A new, 200-page healthcare proposal by a GOP House lawmaker goes after hospital consolidation and pricing as part of a sweeping attempt to cut costs and increase coverage.
The legislation from Rep. Bruce Westerman (R-Ark.), who has been working on it for more than a year and a half even though he doesn't sit on any House health committee, signals the mounting unrest among individual members of Congress over high healthcare costs. This is feeding into the momentum from both sides to address hospital consolidation.
"If you're concerned about monopolies in general, I think there are people on the left and right who share that concern," said Avik Roy, a conservative policy adviser who has consulted on Westerman's bill.
Westerman's hospital provisions would, among other things, boost resources for the Federal Trade Commission to go after mergers, reward states that repeal their certificate-of-need, scope-of-practice and any-willing-provider laws, and cut Medicare rates for hospitals in concentrated markets
They reflect proposals by Rep. Jim Banks (R-Ind.)—co-sponsored by Westerman—that would clamp down on consolidation and mergers. Key Democrats of the House Judiciary Committee, Reps. Jerrold Nadler (D-N.Y.) and David Cicilline (D-R.I.), are also eying antitrust issues in healthcare.
Roy said anti-taxation Republicans need to step up to address costs, particularly now that the median family's share of healthcare costs is 15% of their income—higher than their new tax rate.
"Tax rates are low, but hospital and healthcare spending is a component of family spending, and if we allow monopoly power to extract high prices you get to the point where that's a bigger tax on a family than the actual tax collected by the Internal Revenue Service," Roy said. "If we aren't at a tipping point now, we're nearing it."

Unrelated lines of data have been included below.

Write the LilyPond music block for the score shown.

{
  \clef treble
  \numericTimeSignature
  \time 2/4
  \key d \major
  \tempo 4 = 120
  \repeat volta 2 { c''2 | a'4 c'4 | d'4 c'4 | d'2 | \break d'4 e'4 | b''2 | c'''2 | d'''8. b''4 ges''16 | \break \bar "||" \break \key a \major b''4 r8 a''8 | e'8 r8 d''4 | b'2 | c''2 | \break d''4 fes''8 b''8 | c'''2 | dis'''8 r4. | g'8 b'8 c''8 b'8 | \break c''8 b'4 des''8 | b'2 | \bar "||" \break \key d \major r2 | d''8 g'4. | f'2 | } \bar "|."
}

Including the hospital provisions in a bill that also addresses the Affordable Care Act exchanges and the prescription drug market, as well as Medicaid and Medicare, cuts to Westerman's goal of bipartisan support for tackling the cost problem.
It's unclear where the legislation will go next. Westerman is a member of the rank and file and doesn't sit on the Energy and Commerce or Ways and Means committees. Yet he has been working on the legislation since the GOP repeal-and-replace effort fell apart in 2017.

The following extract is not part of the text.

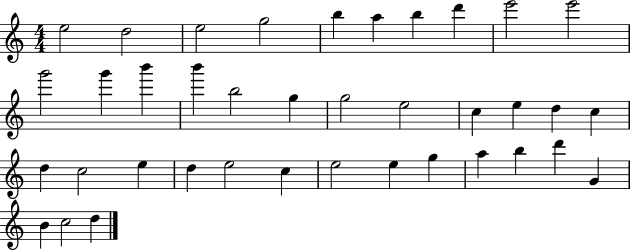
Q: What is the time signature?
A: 4/4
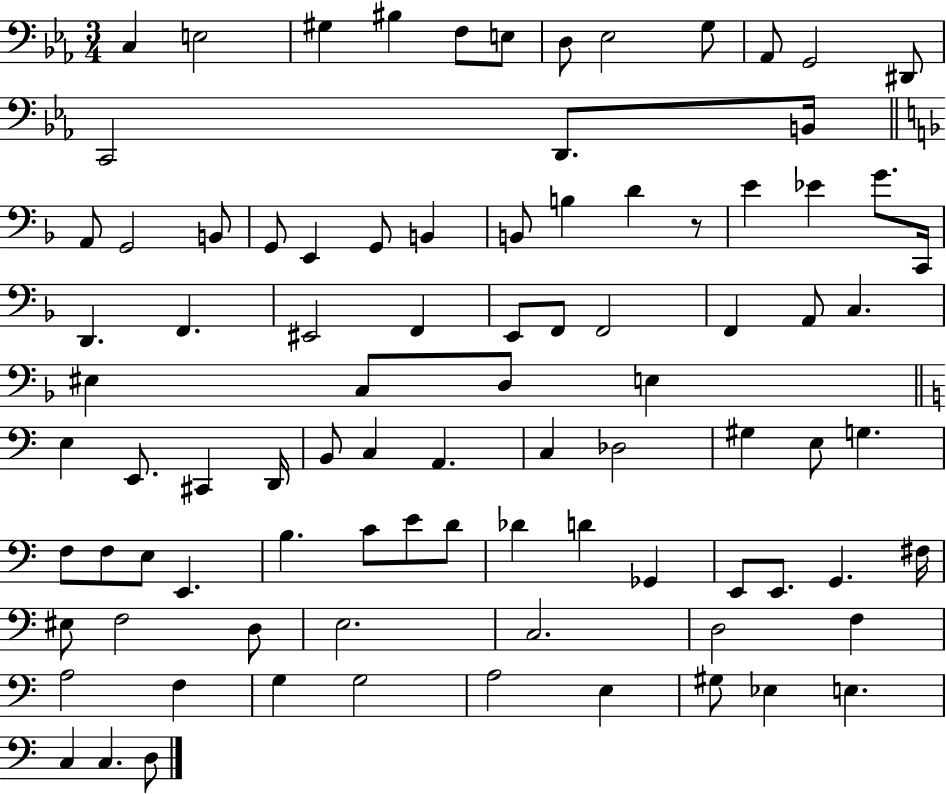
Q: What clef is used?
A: bass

It's the first major healthcare proposal from a Republican since that failure, and comes as the Democrats' progressive wing sees an opening for single-payer or Medicare for All. Some GOP lawmakers have gotten antsy to put forward something of their own on healthcare, particularly after bruising losses in 2018.

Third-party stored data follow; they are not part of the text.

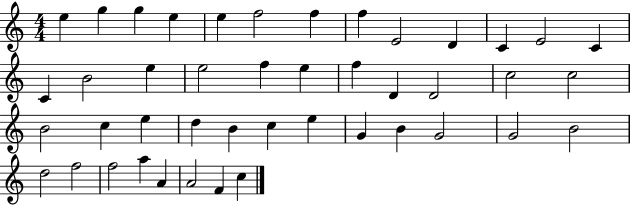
{
  \clef treble
  \numericTimeSignature
  \time 4/4
  \key c \major
  e''4 g''4 g''4 e''4 | e''4 f''2 f''4 | f''4 e'2 d'4 | c'4 e'2 c'4 | \break c'4 b'2 e''4 | e''2 f''4 e''4 | f''4 d'4 d'2 | c''2 c''2 | \break b'2 c''4 e''4 | d''4 b'4 c''4 e''4 | g'4 b'4 g'2 | g'2 b'2 | \break d''2 f''2 | f''2 a''4 a'4 | a'2 f'4 c''4 | \bar "|."
}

Westerman's staff engaged in constant back-and-forth with the Congressional Budget Office on individual pieces of the bill to make sure they knit together the cost and coverage issues.
"Going back to the early days, when I did a postmortem analysis of the American Health Care Act, I think what hurt it politically was the Congressional Budget Office score," Westerman said. "So as we first discussed it, I said, 'We've got to have a bill that covers more people and lowers cost.' If it covers more people, who can argue with that? If it's lower cost, who can argue with that?"
Along with the hospital provisions, the bill includes the bipartisan Creates Act from Sen. Patrick Leahy (D-Vt.) to promote generic and biosimilar competition in the drug market; it would create a $20 billion-per-year federal reinsurance pool; and it would power significant anti-monopoly efforts against hospitals.
ACA market-related provisions include a change to the rating band from a 3-to-1 spending cap ratio for older people to 5-to-1—proposed in the GOP's American Health Care Act—a repeal of the employer mandate, and "copper" and 12-month short-term plan options.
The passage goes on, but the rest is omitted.